Wing Yew Poon reassigned XMLBEANS-295:
--------------------------------------

    Assignee: Cezar Andrei

> setLoadStripWhitespace() api errors when trimming white space characters
> ------------------------------------------------------------------------
> 
> Key: XMLBEANS-295
> URL: https://issues.apache.org/jira/browse/XMLBEANS-295
> Project: XMLBeans
> Issue Type: Bug
> Components: Validator
> Affects Versions: Version 2.2.1
> Environment: SunOS 5.9 and Microsoft Windows XP SP2, Java 1.4.2
> Reporter: David RR Webber
> Assignee: Cezar Andrei
> Fix For: TBD
> 
> 
> Situation Summary
> We implemented to production using the setLoadStripWhitespace() api in XMLBeans.  \
> After some days we started getting intermittent failures from occasional XML \
> transactions. After a week of investigation we realized that flushText() method \
> itself was the cause - having eliminated all other factors.  Specifically we have \
> determined that character strings containing the & character result in spaces being \
> stripped immediately after the & - e.g. <company>B & H Photo</company> becomes \
> <company>B &H Photo</company>. We realize that there is a patch available for & \
> processing - and we are currently testing that to see if is cures the problem \
> relating to & (http://issues.apache.org/jira/browse/XMLBEANS-274 ) However we are \
> also seeing an intermittent problem in our UNIX environment associated with colon : \
> (could be other characters as well - we do not have definitive list). What we found \
> is intermittent spaces being trimmed in various fields that do not contain "&" (the \
> original XMLBEAN-274 bug reported).  This one we cannot reproduce in our Windows \
> development systems - but it is happening intermittently in SunOS.  Again space \
> either immediately following the colon or in subsequent string is stripped - for \
> tokenized elements - e.g.  <urgent>Yes: Y</urgent>  becomes <urgent>Yes:Y</urgent> \
> and then the object returns NULL value because this is then not a valid allowed \
> value for the tokenized list. Similarly <location>USA: United States</location> \
> became <location>USA: UnitedStates</location>.  We suspect that there is a prior \
> character before the colon that might be triggering this behaviour but we have not \
> yet determined when or how.  This illustrates how complex this issue is in terms of \
> the current XMLBeans implementation approach.
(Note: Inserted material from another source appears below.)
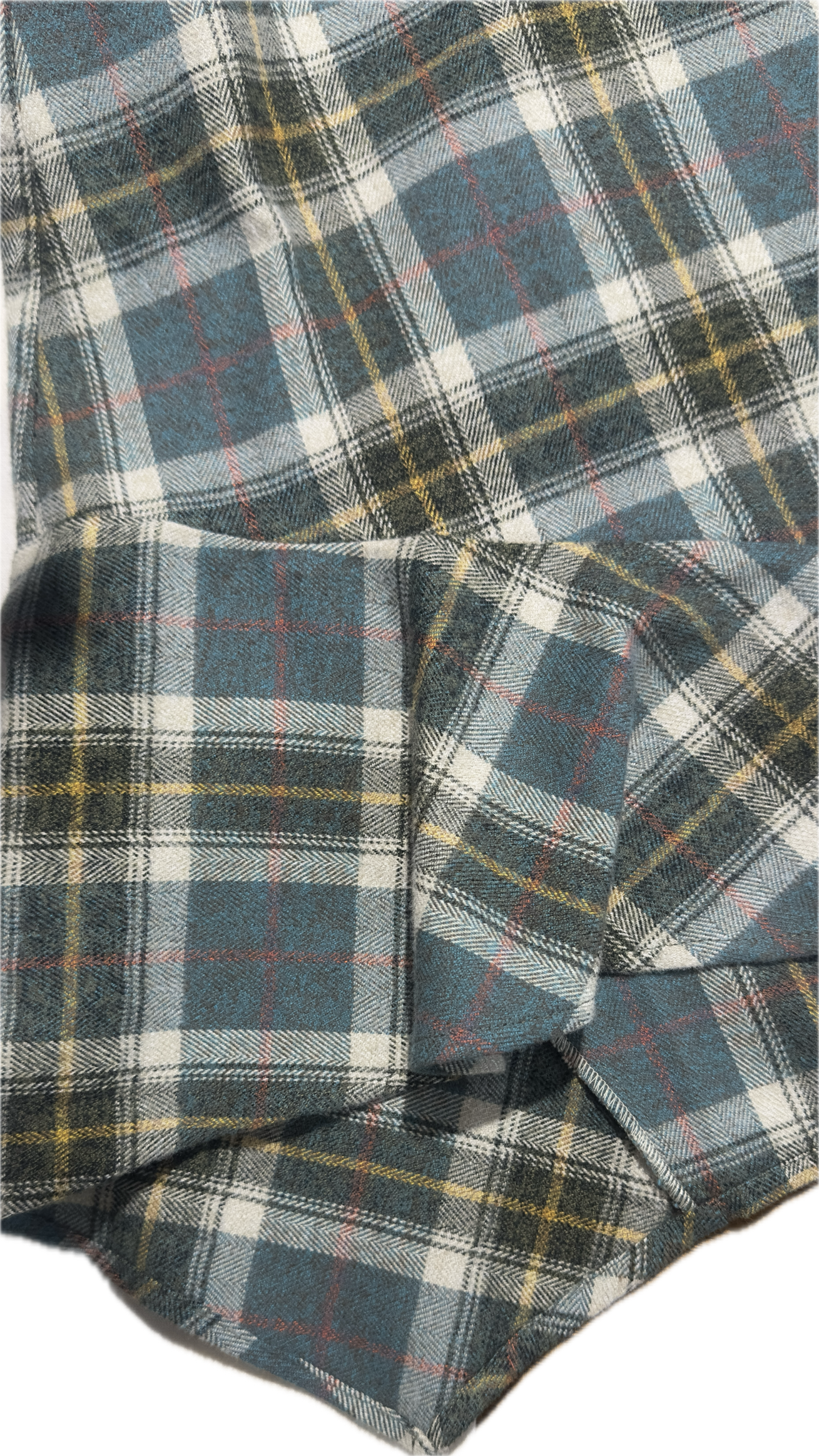 Asymetric check shirt with patch detail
Analysis
> We have looked at how and where XMLBeans is doing the white space trim during the \
> unmarshalling of the XML content.  When it detects a white space - it then invokes \
> a stripRight() method loop.  We are not convinced that this is architecturally \
> sound at the point it is employed - it is leading to complexity and obviously a lot \
> of edge conditions and some combinations of characters that are not handled \
> consistently and correctly. Our preferred approach would be to defer the white \
> space trim until post-unmarshalling - so the initial process can treat the XML \
> content "as is" between the angle brackets - then once extracted - then apply the \
> trim().  At that point a simple java string object trim() can be employed.  This \
> could be provided as an alternate method call to the current \
> setLoadStripWhitespace() api that would iterate through the entire structure of \
> objects instead of the original XML stream.  The only check that would be necessary \
> is if the XML markup itself set the xml:space="preserve" attribute option for an \
> element object - in which case the trim() would be automatically skipped for that \
> content object item.  What is happening right now is that the existing flushText() \
> method is mixing up XML markup and the content - instead there needs to be a clear \
> separation between the element angle brackets and attribute quotes - and the \
> content itself. Again the caveat maybe here - maybe the current approach is \
> intended to be prior to error checking on tokenized lists - to prevent failure \
> there due to extra spaces?   However - even so it is not cleanly enough separated - \
> and clearly again it would be simpler to use a java string class trim method within \
> the tokenized evaluation itself on just the string. Suggested Solution
> Re-factor the current white space setLoadStripWhitespace() api to delay string \
> manipulation on content until after unpacking of the content and XML markup - \
> instead of prior-to as is currently happening.  This makes for much simpler white \
> space trim logic (can simply use the Java string class method) that does not need \
> to look for markup artifacts as well. We are not clear on who owns this particular \
> feature in XMLBeans - whether they are currently available to assist on this - but \
> we would be prepared to work with the team to develop a better solution here.

-- 
This message is automatically generated by JIRA.
-
You can reply to this email to add a comment to the issue online.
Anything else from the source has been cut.